>>>>
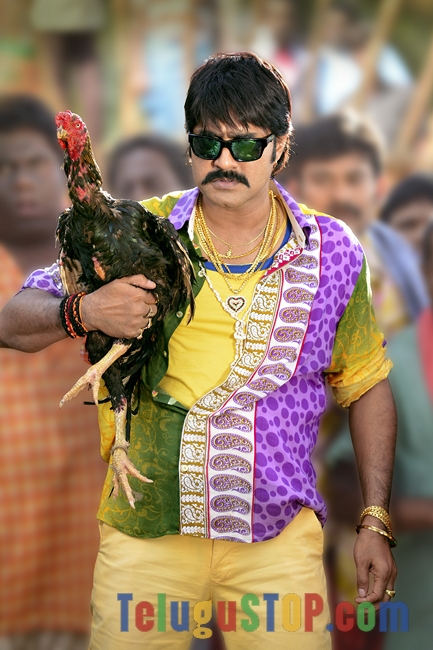 Govindudu andarivadele new stills n walls- Photos,Spicy Hot Pics,Images,High Resolution WallPapers Download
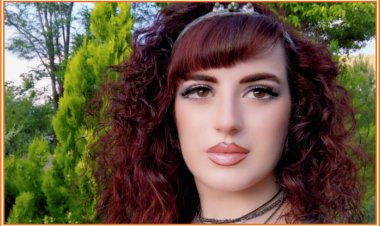 Elpiola Lluka, poete nga Korça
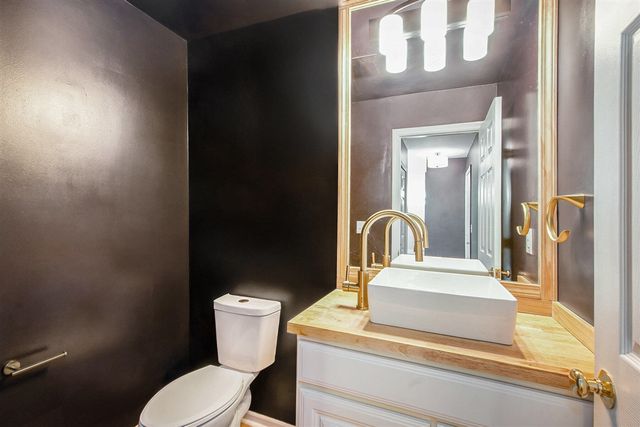 5660 Versailles Avenue, Ann Arbor, MI 48103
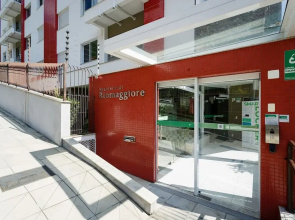 Apartment in the Center With Pool Rri103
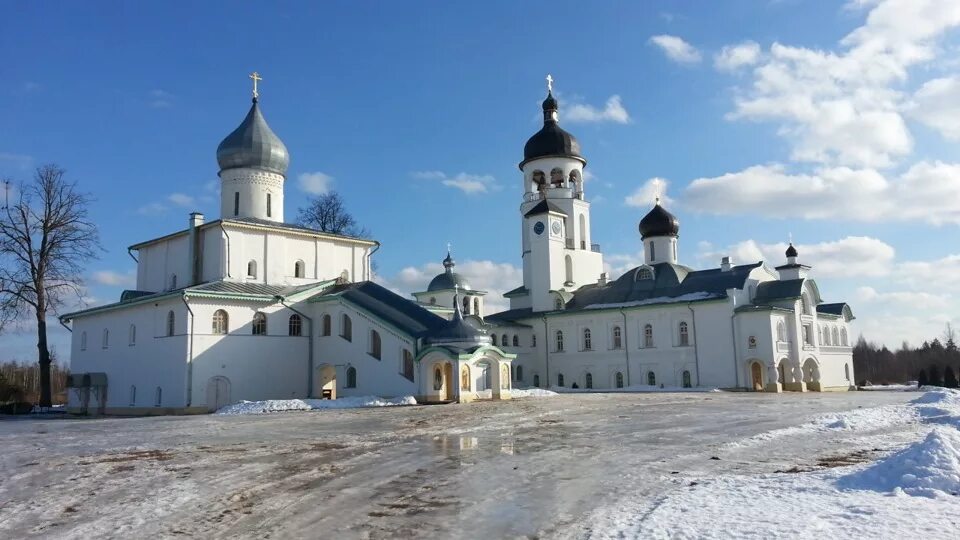 Иоанно-Богословский Крыпецкий монастырь. Иоанно Богословский монастырь Псковская область. Крыпецкий монастырь Псковская область.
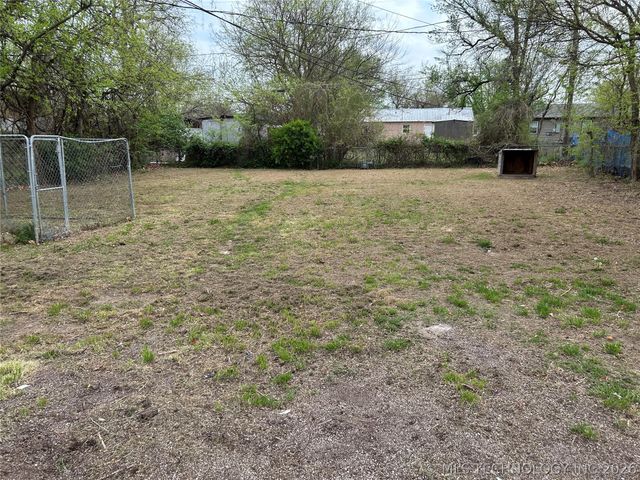 5952 E Newton Place, Tulsa, OK 74115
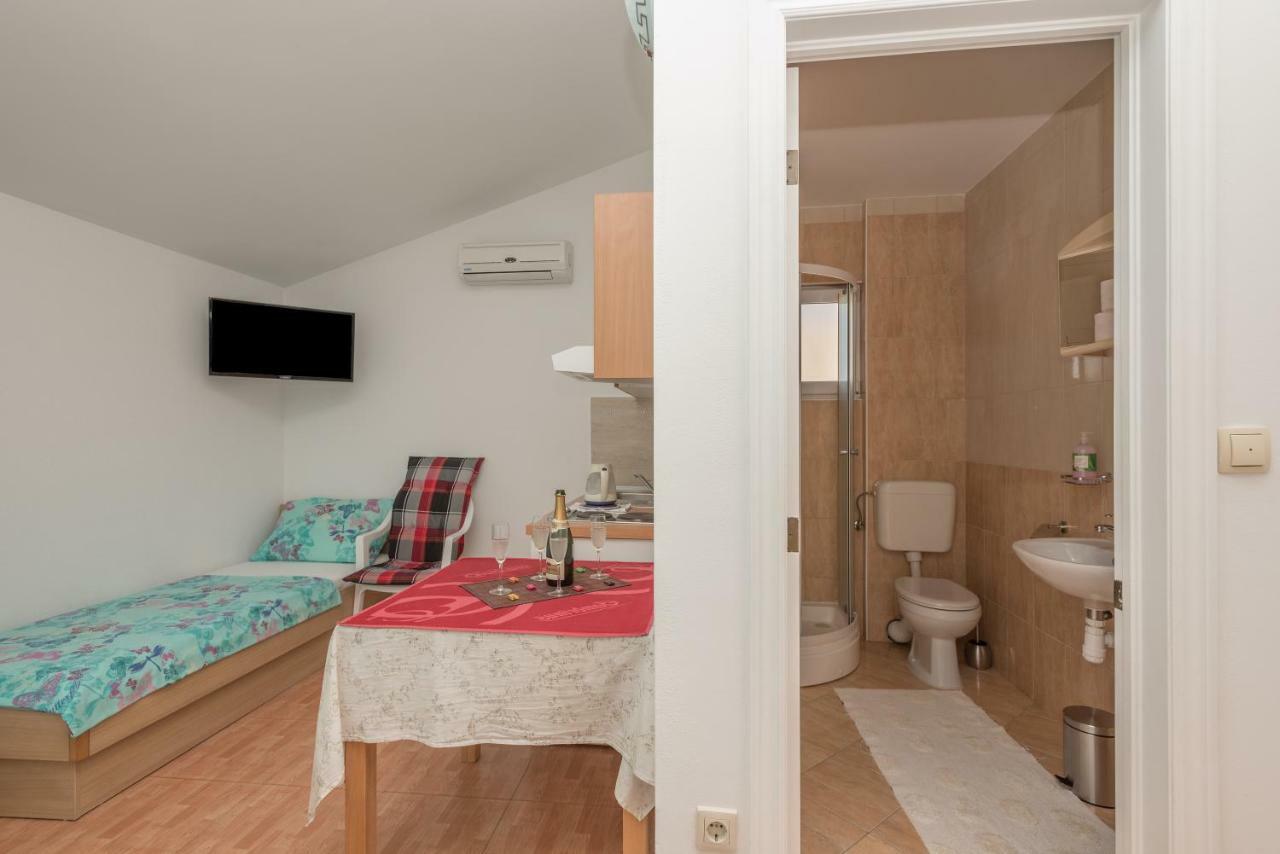 Studio Apartments Antonio Макарська Екстер'єр фото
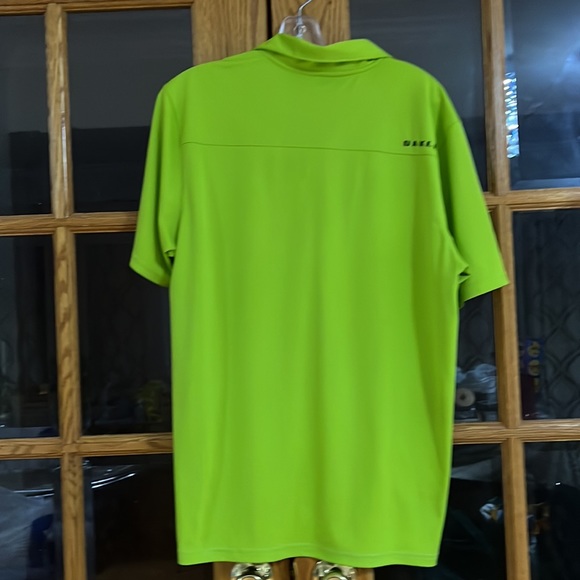 Oakley Mens L, a slight run at the back, see photo 4 - Picture 5 of 5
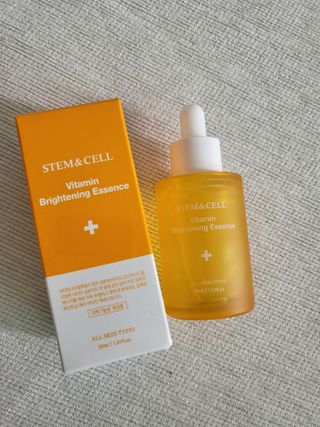 체르엠 스템앤셀 비타민 브라이트닝 에센스 30ml 1개 — 4.5점을 준 리뷰어가 2021년 9월 올린 사용 사진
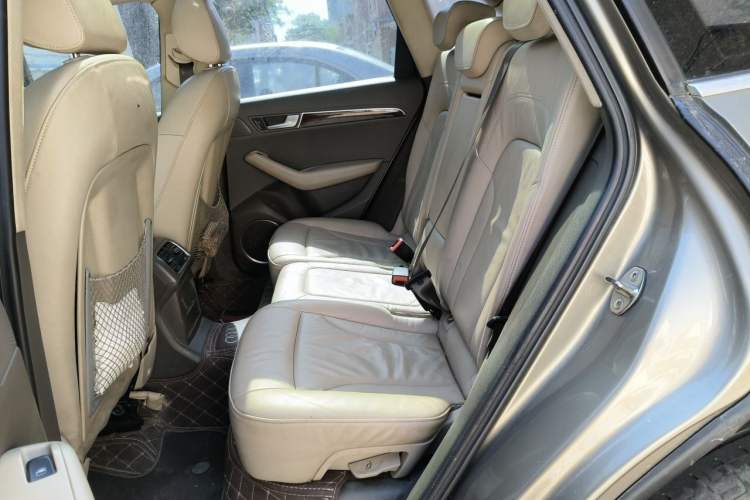 Used Audi Q5 2011 2.0TFSI Comfort Version Left Rear Seat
<<<<
The answer must be the lines of the entries above, written out exactly from the first through the one with "Apartment in the Center With Pool Rri103", and no pictures.

→ ANSWER
 Govindudu andarivadele new stills n walls- Photos,Spicy Hot Pics,Images,High Resolution WallPapers Download
 Elpiola Lluka, poete nga Korça
 5660 Versailles Avenue, Ann Arbor, MI 48103
 Apartment in the Center With Pool Rri103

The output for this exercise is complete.